Joe Bouton, director of the forage improvement division of the Samuel Roberts Noble Foundation, looks at growing switchgrass — a likely future source of ethanol. provided by the Samuel Roberts Noble Foundation
The report, authored by researchers at the University of Nebraska-Lincoln, estimates that switchgrass grown as a source of biofuel in its study produced more than five times more energy than what was needed to grow, harvest and process it into ethanol.
The study lasted five years and used switchgrass fields on 10 farms in three states.
"It was really a very good paper,” said Joe Bouton, director of the forage improvement division of the Samuel Roberts Noble Foundation. The foundation is teaming up with researchers at Oklahoma State University and the University of Oklahoma to make up the Sooner State's Bioenergy Center.
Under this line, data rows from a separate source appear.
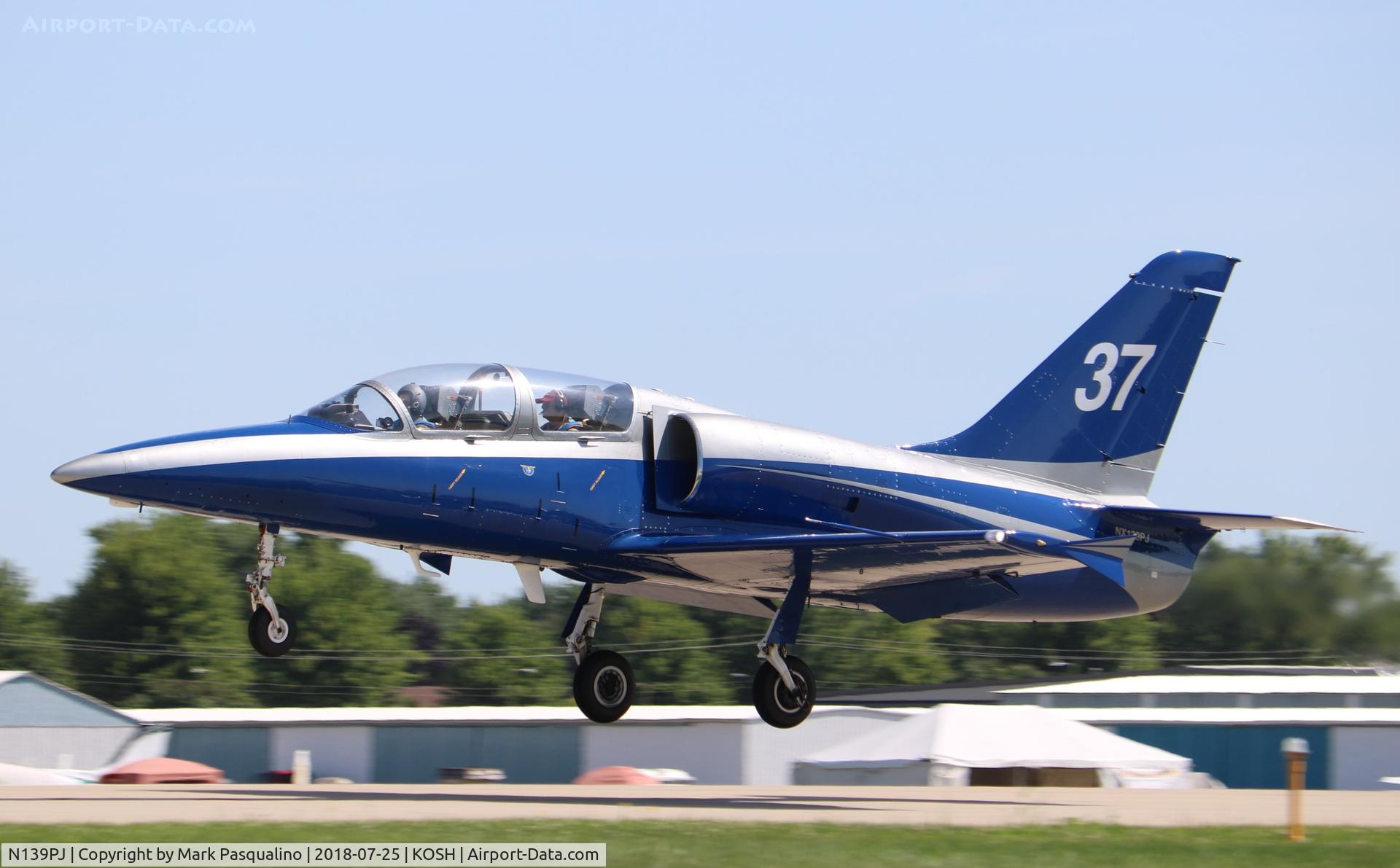 N139PJ, 1982 Aero L-39 Albatros C/N 232226, Aero L-39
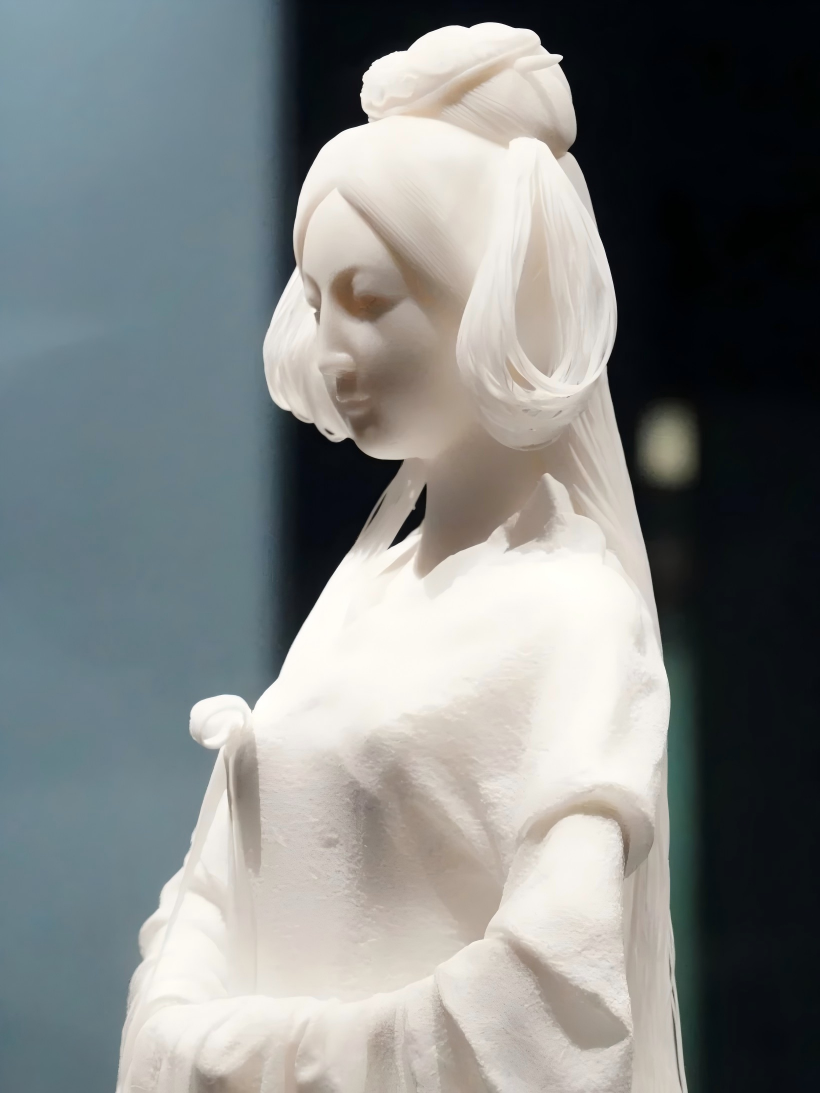 Nailumo·Lunar White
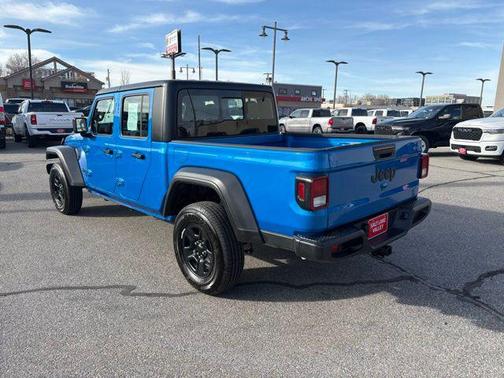 2025 Jeep Gladiator Sport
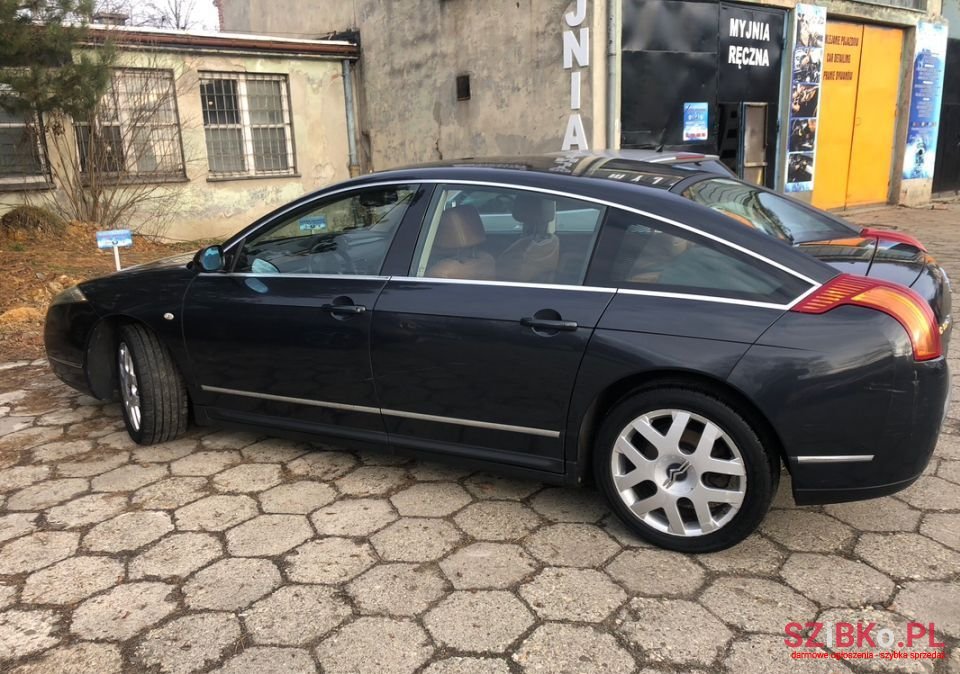 2007' Citroen C6 photo #3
"What it showed us is that biofuel made from switchgrass contained about 540 percent more energy than what was consumed to make it,” Bouton said.
"And the fact that it was done on a farm really gives a lot of credibility to the study,” he said.
One exciting aspect of the research, he added, is that researchers in the study were using varieties of switchgrass that were available in 1999 and 2000.
Research since has given researchers even more fuel-packed varieties of switchgrass since then.
"It looks like this research is just going to improve this grass even further,” Bouton said. "For researchers working on this issue in the Northern Great Plains, and for all of us on the Great Plains, this is good news.”
According to ScienceDaily, which recently published a story about the study, researchers were looking at switchgrass' net energy output.
The study involved switchgrass fields in Nebraska, North Dakota and South Dakota. It found switchgrass had better greenhouse gas emissions and that biomass leftovers from ethanol production could be used to provide needed energy to distill the product and to fuel other operations of a biorefinery.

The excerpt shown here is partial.